Zakup używanego auta nie należy do najłatwiejszych. Czytając poradniki zamieszczone w Internecie można mieć wrażenie, że wszyscy chcą cie oszukać, nie ma uczciwych sprzedających, a wszystkie samochody sprzedawane w Polsce to złomy. Jest w tym oczywiście trochę prawdy, ale nie należy przesadzać – trzeba być czujnym podczas oglądania samochodu, ale nie popadać w paranoję.
Zanim zdecydujesz się podpisać umowę o kupnie samochodu, zacznij od jego dokładnych oględzin. Po pierwsze – poproś sprzedawcę o numer VIN. Wielu zresztą umieszcza te numery już w ogłoszeniu, więc nie będziesz miał kłopotu ze sprawdzeniem. Gdy już masz numer VIN, rozkoduj go i dowiedz się, jakie dane auto miało wcześniejsze odczyty przebiegu, czy miało za sobą jakieś kolizje, ilu miało właścicieli, jakie ma wyposażenie, czy nie było zgłoszone jako kradzione, czy jeździło jako taksówka, a może było samochodem firmowym? Wszystkie te informacje możesz uzyskać na podstawie numeru VIN nie ruszając się z domu, a to oznacza, że wielu transakcji, które są dla ciebie niekorzystne możesz uniknąć.
Druga sprawa to oględziny samochodu u właściciela.

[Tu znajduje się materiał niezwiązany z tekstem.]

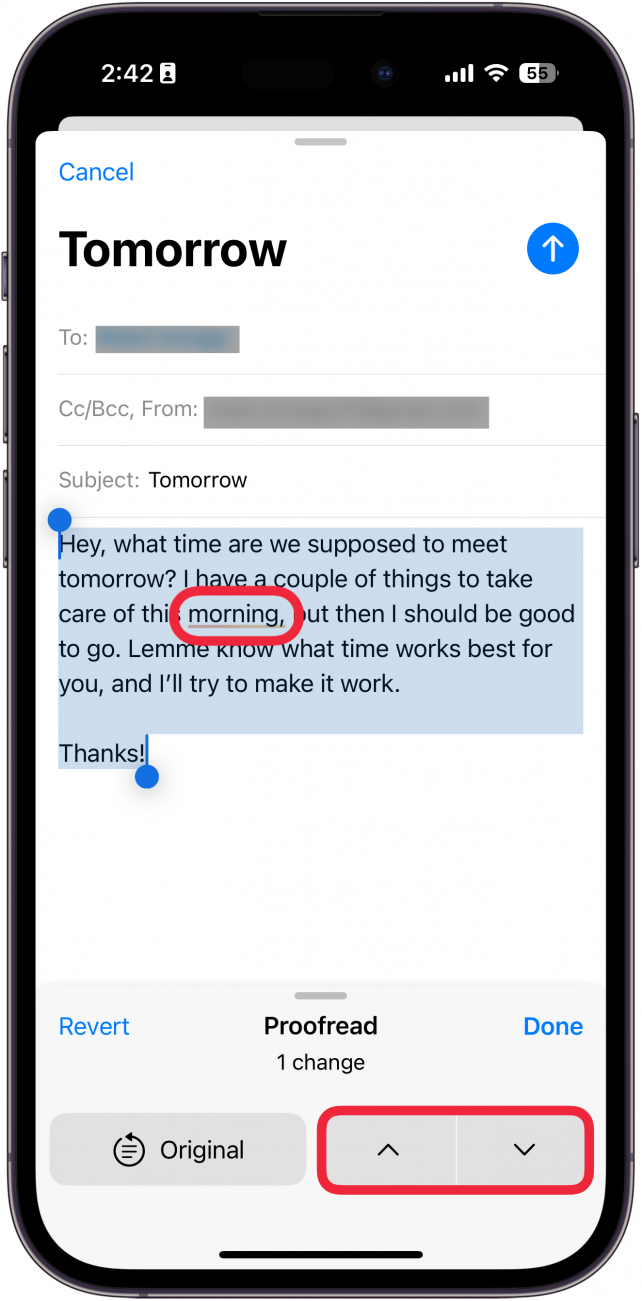 iphone new email screen displaying apple intelligence proofreading tool with a red box around an underlined word and a red box around up and down arrows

Obejrzyj auto dokładnie – nie tylko z zewnątrz, ale i w środku. Sprawdź, czy ma jakieś rysy, otarcia, jak wygląda tapicerka, kierownica, fotele, dźwignia zmiany biegów. Solidne otarcia będą świadczyć o dużym przebiegu samochodu. Zajrzyj także do bagażnika.
W kolejnym kroku przejedź się samochodem, który oglądasz – podczas jazdy próbnej usłyszysz, czy wszystko chodzi prawidłowo, czy silnik nie wydaje podejrzanych odgłosów. Jedź do mechanika samochodowego i poproś, by rzucił okiem pod maskę. Niech sprawdzi, w jakim stanie jest zawieszenie, układ hamulcowy, silnik, skrzynia zmiany biegów. Jeśli okaże się, że coś wymaga naprawy albo wymagać jej będzie w najbliższych miesiącach – niech mechanik powie ci, jak szacuje koszty niezbędnych napraw. Zyskasz dzięki temu argument do negocjacji cenowych.
Najgorszą rzeczą, jaką można zrobić jest kupno samochodu w ciemno, bez oglądania go, bo np. sprowadzamy samochód z zagranicy. Pamiętaj, że to duży wydatek, a takich decyzji nie warto podejmować bez dłuższego namysłu.